Custom Data Guide
TensorBloom supports loading your own datasets for training. This guide covers all supported data formats.
Quick Start
- Drag a Data node onto the canvas
- In Properties, select your data source
- Connect the Data node’s x handle to your model’s first layer
- Connect the Data node’s y handle to your Loss function’s target input
- Train
Built-in Datasets
Select a preset from the dropdown — no configuration needed:
| Dataset | Domain | Input Shape | Classes | Description |
|---|---|---|---|---|
| MNIST | Vision | [1, 28, 28] | 10 | Handwritten digits |
| Fashion-MNIST | Vision | [1, 28, 28] | 10 | Clothing items |
| CIFAR-10 | Vision | [3, 32, 32] | 10 | Natural images (10 categories) |
| CIFAR-100 | Vision | [3, 32, 32] | 100 | Natural images (100 categories) |
| TinyShakespeare | Text | [256] | 65 | Character-level Shakespeare |
| WikiText-2 | Text | [128] | 30,000 | Word-level Wikipedia |
| IMDB | Text | [100] | 2 | Movie review sentiment |
| AG News | Text | [100] | 4 | News classification |
| SpeechCommands | Audio | [80, 100] | 35 | Keyword spotting |
Datasets are downloaded automatically on first use to ./data/.
Custom Tensor Files
For your own data saved as PyTorch tensors, NumPy arrays, or SafeTensors.
Supported Formats
| Format | Extension | How to Create |
|---|---|---|
| PyTorch | .pt | torch.save({"features": X, "labels": y}, "data.pt") |
| NumPy | .npz | np.savez("data.npz", features=X, labels=y) |
| NumPy | .npy | np.save("data.npy", X) |
| SafeTensors | .safetensors | save_file({"features": X}, "data.safetensors") |
Creating a Dataset
import torch
# Classification
X = torch.randn(1000, 3, 32, 32) # 1000 images, 3 channels, 32x32
y = torch.randint(0, 10, (1000,)) # 10 classes
torch.save({"images": X, "labels": y}, "my_dataset.pt")
# Regression
X = torch.randn(500, 13) # 500 samples, 13 features
y = torch.randn(500, 1) # continuous target
torch.save({"inputs": X, "targets": y}, "regression_data.pt")
# Autoencoder (no labels)
X = torch.randn(1000, 1, 28, 28)
torch.save({"data": X}, "autoencoder_data.pt")
Loading in TensorBloom
- Select Custom Tensors as the source
- Browse for your file or type the path
- Click Scan Data
- The app discovers all tensors in your file and shows them with shapes, types, and statistics
- Assign each tensor a role:
- Model Input — feeds into your neural network
- Loss Target — compared against the model’s output by the loss function
- Not Used — ignored during training
Tensor Requirements
- All tensors must have the same number of samples (first dimension)

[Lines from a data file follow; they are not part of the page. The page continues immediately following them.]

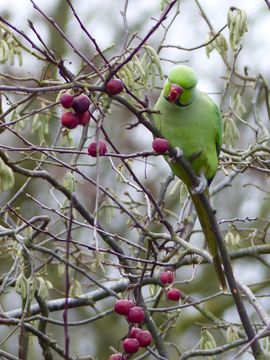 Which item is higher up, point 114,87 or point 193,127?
point 193,127

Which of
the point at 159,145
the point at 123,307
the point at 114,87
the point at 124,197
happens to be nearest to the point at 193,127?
the point at 159,145

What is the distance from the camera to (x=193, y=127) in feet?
12.7

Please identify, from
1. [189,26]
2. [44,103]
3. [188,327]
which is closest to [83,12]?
[189,26]

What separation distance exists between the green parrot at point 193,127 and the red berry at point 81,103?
1.03 m

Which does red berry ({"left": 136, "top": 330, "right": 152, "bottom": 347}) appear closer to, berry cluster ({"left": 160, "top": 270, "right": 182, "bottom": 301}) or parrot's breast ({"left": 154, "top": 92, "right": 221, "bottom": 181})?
berry cluster ({"left": 160, "top": 270, "right": 182, "bottom": 301})

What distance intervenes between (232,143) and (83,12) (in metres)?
7.24

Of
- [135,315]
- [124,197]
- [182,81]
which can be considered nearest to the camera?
[135,315]

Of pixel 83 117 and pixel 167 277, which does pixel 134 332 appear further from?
pixel 83 117

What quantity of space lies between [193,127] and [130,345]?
1.33 meters

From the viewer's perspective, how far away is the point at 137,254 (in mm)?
4273

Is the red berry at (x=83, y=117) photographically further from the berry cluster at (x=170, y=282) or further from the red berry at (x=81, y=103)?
the berry cluster at (x=170, y=282)

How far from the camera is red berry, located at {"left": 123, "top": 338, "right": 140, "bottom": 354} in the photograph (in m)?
2.91

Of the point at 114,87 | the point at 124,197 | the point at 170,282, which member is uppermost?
the point at 124,197

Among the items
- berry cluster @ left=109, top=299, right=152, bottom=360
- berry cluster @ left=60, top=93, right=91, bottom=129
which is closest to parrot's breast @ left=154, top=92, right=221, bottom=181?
berry cluster @ left=109, top=299, right=152, bottom=360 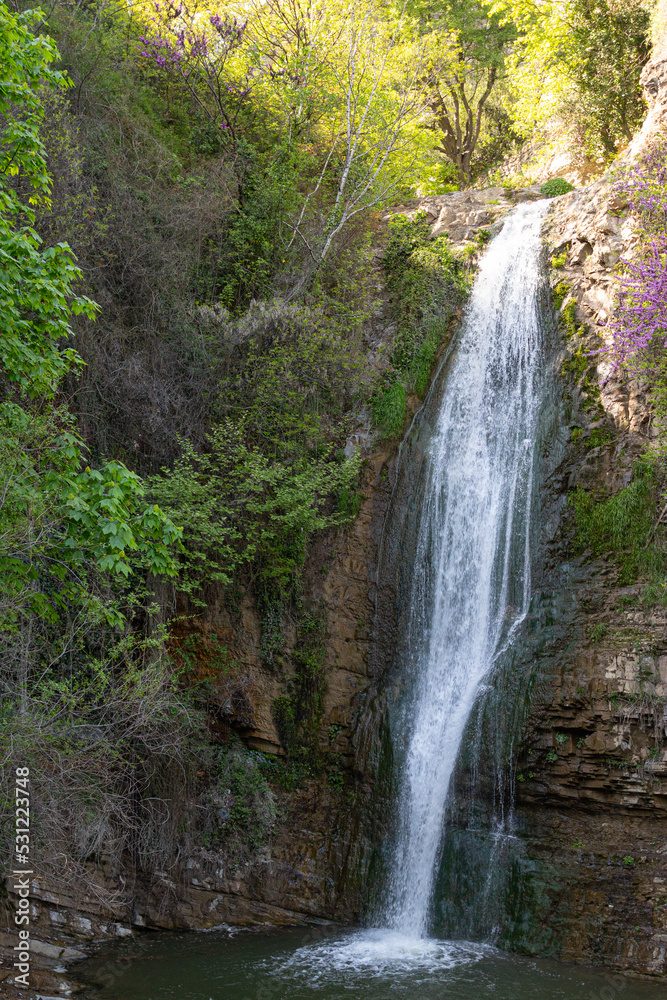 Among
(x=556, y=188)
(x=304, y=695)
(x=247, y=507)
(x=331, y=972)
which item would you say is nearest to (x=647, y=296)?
(x=247, y=507)

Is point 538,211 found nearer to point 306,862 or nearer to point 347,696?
point 347,696

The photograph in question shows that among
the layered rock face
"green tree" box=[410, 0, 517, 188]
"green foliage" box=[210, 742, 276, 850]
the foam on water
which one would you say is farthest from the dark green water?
"green tree" box=[410, 0, 517, 188]

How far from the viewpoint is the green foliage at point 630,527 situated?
421 inches

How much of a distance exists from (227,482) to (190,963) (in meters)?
6.31

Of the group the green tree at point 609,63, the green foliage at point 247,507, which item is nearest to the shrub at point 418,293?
the green foliage at point 247,507

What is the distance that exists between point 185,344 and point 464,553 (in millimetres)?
5801

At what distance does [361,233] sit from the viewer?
54.9ft

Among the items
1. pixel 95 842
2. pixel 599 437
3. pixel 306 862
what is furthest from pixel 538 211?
pixel 95 842

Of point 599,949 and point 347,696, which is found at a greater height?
point 347,696

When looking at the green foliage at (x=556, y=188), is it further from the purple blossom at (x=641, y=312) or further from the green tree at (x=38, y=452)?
the green tree at (x=38, y=452)

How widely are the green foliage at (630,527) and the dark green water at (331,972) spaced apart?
5100 millimetres

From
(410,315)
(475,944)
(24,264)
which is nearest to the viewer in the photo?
(24,264)

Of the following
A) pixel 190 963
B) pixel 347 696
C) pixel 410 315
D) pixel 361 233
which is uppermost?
pixel 361 233

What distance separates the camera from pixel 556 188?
57.8 feet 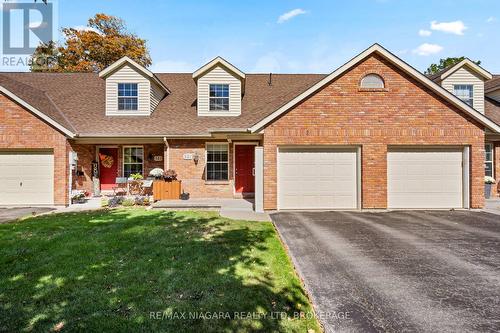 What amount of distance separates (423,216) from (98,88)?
696 inches

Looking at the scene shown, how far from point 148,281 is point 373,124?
9.38m

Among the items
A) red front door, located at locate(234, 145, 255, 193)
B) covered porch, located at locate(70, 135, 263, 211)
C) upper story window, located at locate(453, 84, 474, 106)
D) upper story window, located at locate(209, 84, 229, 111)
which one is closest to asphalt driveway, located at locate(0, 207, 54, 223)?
covered porch, located at locate(70, 135, 263, 211)

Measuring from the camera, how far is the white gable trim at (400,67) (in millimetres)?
10117

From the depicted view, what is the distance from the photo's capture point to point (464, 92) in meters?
14.2

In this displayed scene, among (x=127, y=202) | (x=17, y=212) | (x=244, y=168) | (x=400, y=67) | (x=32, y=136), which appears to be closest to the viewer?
Result: (x=400, y=67)

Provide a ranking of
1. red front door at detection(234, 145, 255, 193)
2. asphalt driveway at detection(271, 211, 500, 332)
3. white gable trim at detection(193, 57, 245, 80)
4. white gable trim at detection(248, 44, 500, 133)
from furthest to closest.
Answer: white gable trim at detection(193, 57, 245, 80)
red front door at detection(234, 145, 255, 193)
white gable trim at detection(248, 44, 500, 133)
asphalt driveway at detection(271, 211, 500, 332)

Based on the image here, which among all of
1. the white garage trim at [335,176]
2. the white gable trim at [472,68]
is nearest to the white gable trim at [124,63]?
the white garage trim at [335,176]

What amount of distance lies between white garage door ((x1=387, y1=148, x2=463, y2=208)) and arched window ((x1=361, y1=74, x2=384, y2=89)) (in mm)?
2571

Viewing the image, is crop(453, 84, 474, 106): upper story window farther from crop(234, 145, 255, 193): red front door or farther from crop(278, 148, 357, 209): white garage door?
crop(234, 145, 255, 193): red front door

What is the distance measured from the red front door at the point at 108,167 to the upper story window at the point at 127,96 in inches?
91.5

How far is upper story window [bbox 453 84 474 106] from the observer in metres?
→ 14.2

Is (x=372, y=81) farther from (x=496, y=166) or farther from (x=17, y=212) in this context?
(x=17, y=212)

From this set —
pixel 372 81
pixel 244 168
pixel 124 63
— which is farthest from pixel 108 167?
pixel 372 81

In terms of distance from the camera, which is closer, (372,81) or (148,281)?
(148,281) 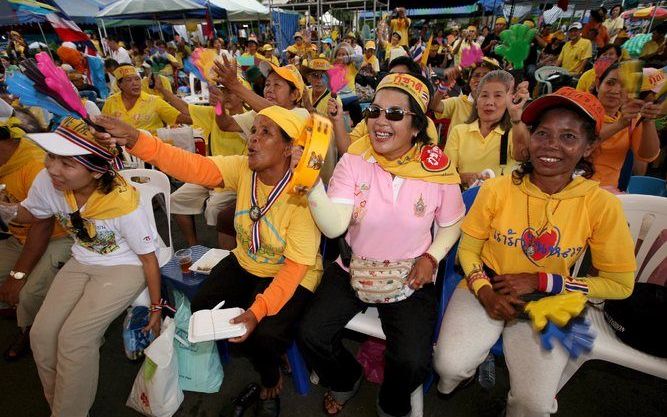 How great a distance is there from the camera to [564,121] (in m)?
1.70

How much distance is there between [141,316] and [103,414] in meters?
0.60

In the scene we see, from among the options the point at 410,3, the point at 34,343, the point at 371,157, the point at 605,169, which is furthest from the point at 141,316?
the point at 410,3

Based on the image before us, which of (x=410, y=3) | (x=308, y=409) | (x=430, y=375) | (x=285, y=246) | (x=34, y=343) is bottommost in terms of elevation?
(x=308, y=409)

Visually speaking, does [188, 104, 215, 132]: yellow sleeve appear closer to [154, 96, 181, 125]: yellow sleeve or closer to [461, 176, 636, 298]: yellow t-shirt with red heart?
[154, 96, 181, 125]: yellow sleeve

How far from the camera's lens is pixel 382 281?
75.8 inches

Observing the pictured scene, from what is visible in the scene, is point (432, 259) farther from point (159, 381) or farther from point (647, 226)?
point (159, 381)

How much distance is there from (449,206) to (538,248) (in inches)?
19.5

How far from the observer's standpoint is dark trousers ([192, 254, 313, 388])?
1.92m

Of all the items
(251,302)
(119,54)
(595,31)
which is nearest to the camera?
(251,302)

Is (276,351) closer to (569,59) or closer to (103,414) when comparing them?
(103,414)

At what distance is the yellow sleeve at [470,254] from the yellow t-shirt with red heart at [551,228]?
46 mm

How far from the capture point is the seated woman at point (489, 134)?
2795mm

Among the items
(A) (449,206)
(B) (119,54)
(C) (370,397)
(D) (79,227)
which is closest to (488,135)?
(A) (449,206)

- The first dimension is the batch dimension (number of samples)
- Input tensors are cast to
float32by default - Target tensors for classification should be
int64/long(class indices) - Target tensors for regression should be
float32
Folder of Files
You can also point to a folder containing multiple tensor files. TensorBloom scans all .pt, .npz, .npy, and .safetensors files and merges their tensors.
ImageFolder (Local Images)
For image classification with your own photos:
my_images/
├── train/
│ ├── cats/
│ │ ├── img001.jpg
│ │ └── img002.jpg
│ └── dogs/
│ ├── img003.jpg
│ └── img004.jpg
└── val/
├── cats/
│ └── img005.jpg
└── dogs/
└── img006.jpg
- Select ImageFolder source
- Set the path to your folder
- Configure image size and color mode (RGB/Grayscale)
- Optionally enable data augmentation (random flip, crop, rotation, color jitter)
HuggingFace Datasets
Note: HuggingFace support is experimental in v0.1. Simple vision and text datasets work. Complex/nested datasets (multi-modal, structured data with nested dicts) require a custom preprocessing script.
Load datasets from the HuggingFace Hub:
- Select HuggingFace source
- Enter the dataset name (e.g.,
mnist,imdb,ag_news) - Click Inspect Data to discover columns, types, and splits
- Configure column mapping (image/text/label columns)
- For datasets with complex columns, provide a preprocessing script in the code editor
What works
- Vision datasets with
Image+ClassLabelcolumns (CIFAR-10, MNIST, etc.) - Text classification with
string+ClassLabelcolumns (IMDB, AG News, etc.) - Simple tabular datasets with scalar columns
What doesn’t work yet
- Datasets with nested/dict columns (SQuAD, multi-modal datasets)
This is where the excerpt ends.